**WORK TO COMPLETE:** From the line with "So I'm going" to the line with "The only real", output every line below exactly, both ends included. Skip the pictures.

**SOURCE MATERIAL:**
>>>>

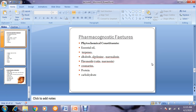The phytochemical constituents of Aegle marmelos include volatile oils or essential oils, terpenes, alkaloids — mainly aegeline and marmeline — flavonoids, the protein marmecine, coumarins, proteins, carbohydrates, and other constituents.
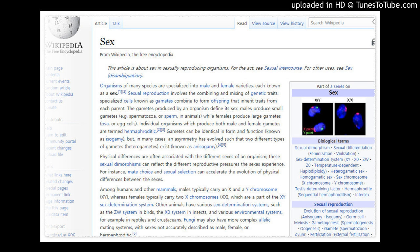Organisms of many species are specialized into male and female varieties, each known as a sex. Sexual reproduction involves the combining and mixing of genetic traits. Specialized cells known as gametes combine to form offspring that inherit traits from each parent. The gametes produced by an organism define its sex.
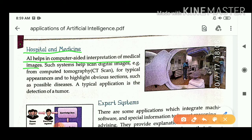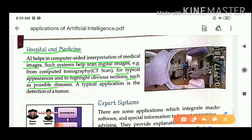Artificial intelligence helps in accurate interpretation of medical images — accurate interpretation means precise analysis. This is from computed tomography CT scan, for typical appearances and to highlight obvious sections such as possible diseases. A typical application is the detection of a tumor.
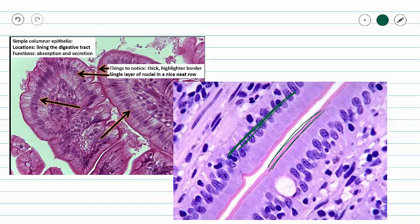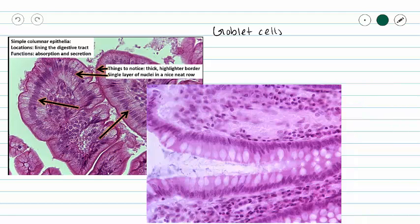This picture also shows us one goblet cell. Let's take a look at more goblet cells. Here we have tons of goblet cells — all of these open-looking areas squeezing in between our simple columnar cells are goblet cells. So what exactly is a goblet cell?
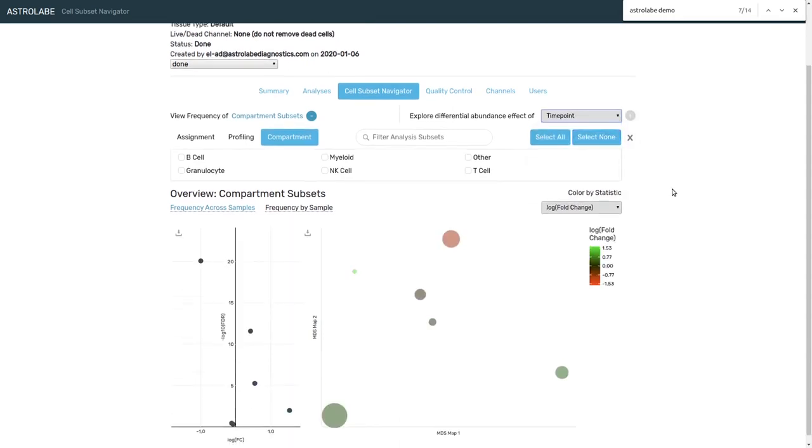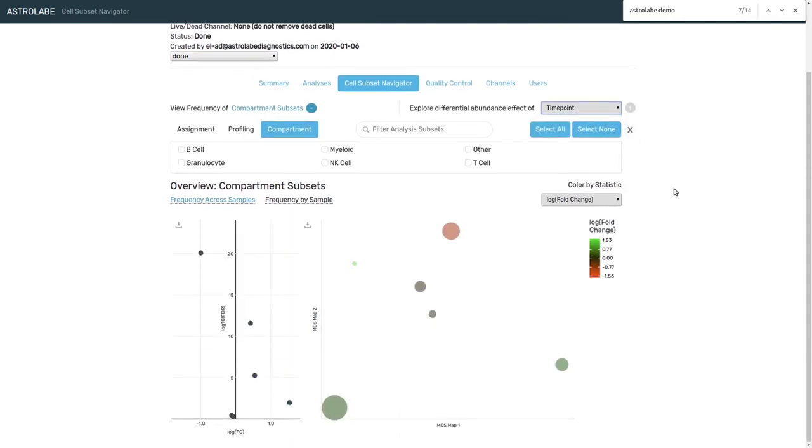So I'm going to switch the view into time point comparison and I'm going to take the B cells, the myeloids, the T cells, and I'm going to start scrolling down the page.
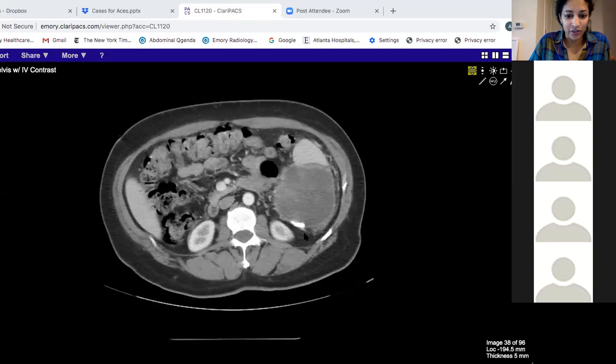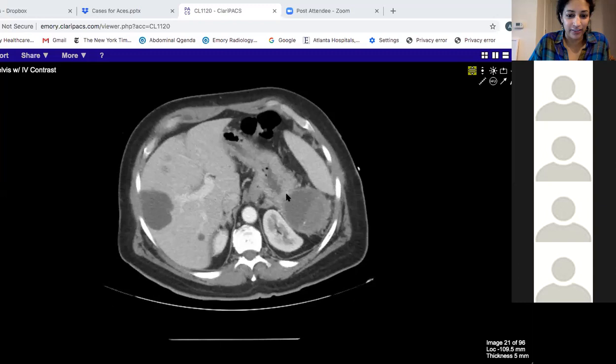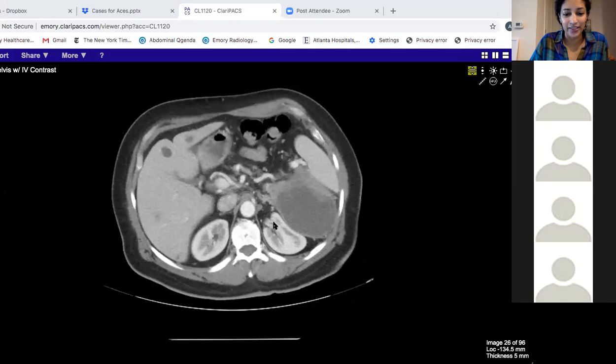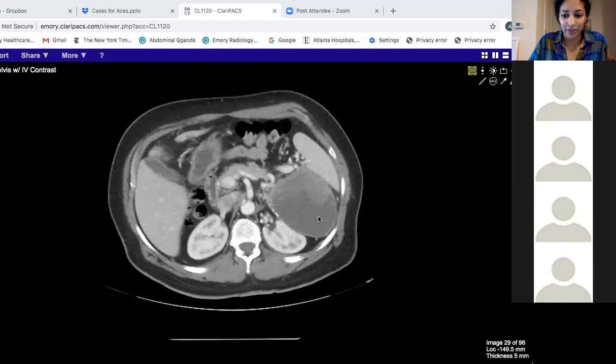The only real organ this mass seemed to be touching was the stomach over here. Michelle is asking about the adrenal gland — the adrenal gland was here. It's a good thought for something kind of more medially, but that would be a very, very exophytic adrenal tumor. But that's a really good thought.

<<<<
>>>>

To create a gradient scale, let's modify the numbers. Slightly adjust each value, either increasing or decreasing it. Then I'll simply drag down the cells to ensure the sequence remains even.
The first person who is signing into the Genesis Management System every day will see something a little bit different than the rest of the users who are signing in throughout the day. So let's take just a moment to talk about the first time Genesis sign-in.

<<<<
>>>>

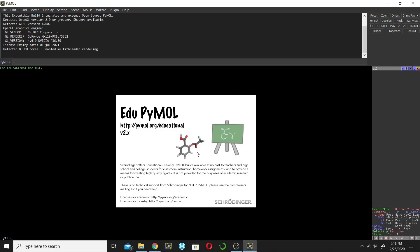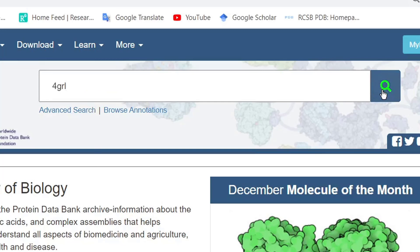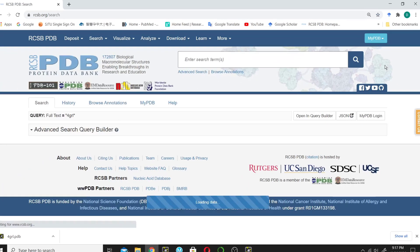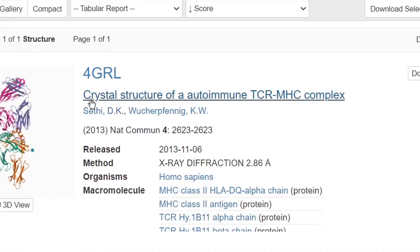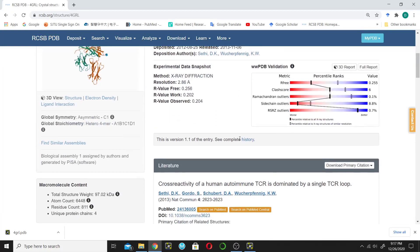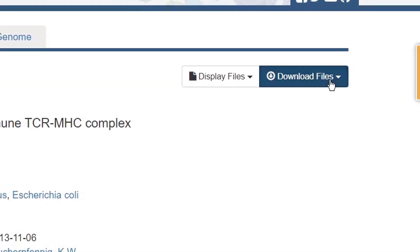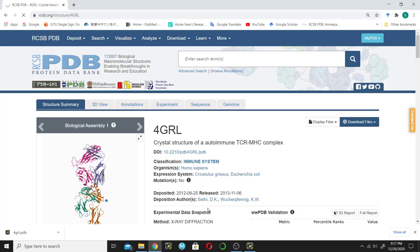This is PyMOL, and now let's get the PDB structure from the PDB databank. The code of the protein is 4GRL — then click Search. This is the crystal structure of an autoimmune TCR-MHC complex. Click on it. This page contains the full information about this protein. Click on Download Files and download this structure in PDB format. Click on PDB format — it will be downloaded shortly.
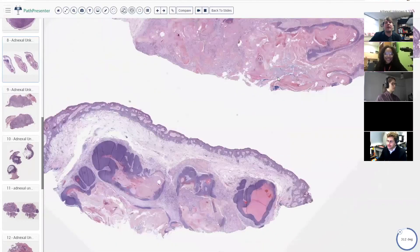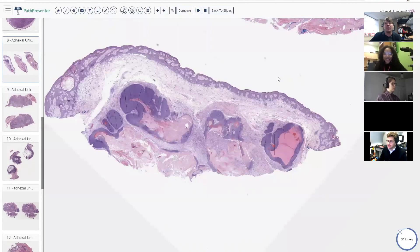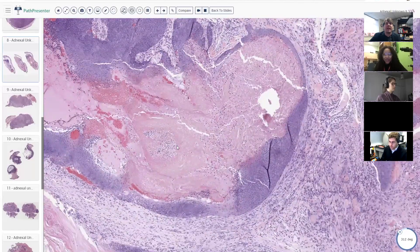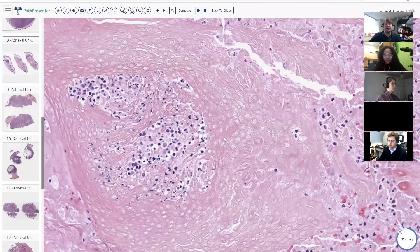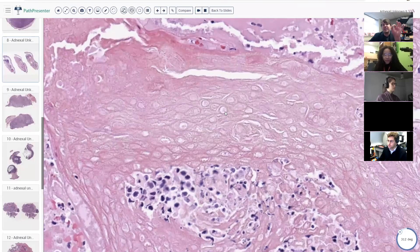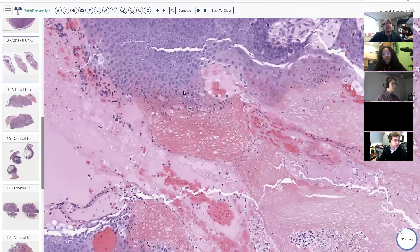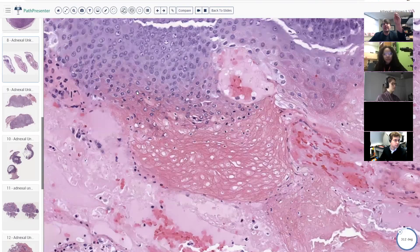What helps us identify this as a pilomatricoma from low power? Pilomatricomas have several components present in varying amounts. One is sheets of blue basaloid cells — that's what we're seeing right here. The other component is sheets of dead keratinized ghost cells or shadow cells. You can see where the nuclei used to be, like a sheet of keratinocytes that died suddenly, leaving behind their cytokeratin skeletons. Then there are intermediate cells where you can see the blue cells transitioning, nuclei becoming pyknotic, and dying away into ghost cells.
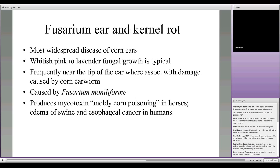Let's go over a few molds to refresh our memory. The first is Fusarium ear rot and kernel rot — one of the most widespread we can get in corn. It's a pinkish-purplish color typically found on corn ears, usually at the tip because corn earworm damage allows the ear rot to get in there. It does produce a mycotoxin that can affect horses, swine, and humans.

<<<<

**PROBLEM SOLUTION:**
So I'm going to switch the view into time point comparison and I'm going to take the B cells, the myeloids, the T cells, and I'm going to start scrolling down the page.
The only real organ this mass seemed to be touching was the stomach over here. Michelle is asking about the adrenal gland — the adrenal gland was here. It's a good thought for something kind of more medially, but that would be a very, very exophytic adrenal tumor. But that's a really good thought.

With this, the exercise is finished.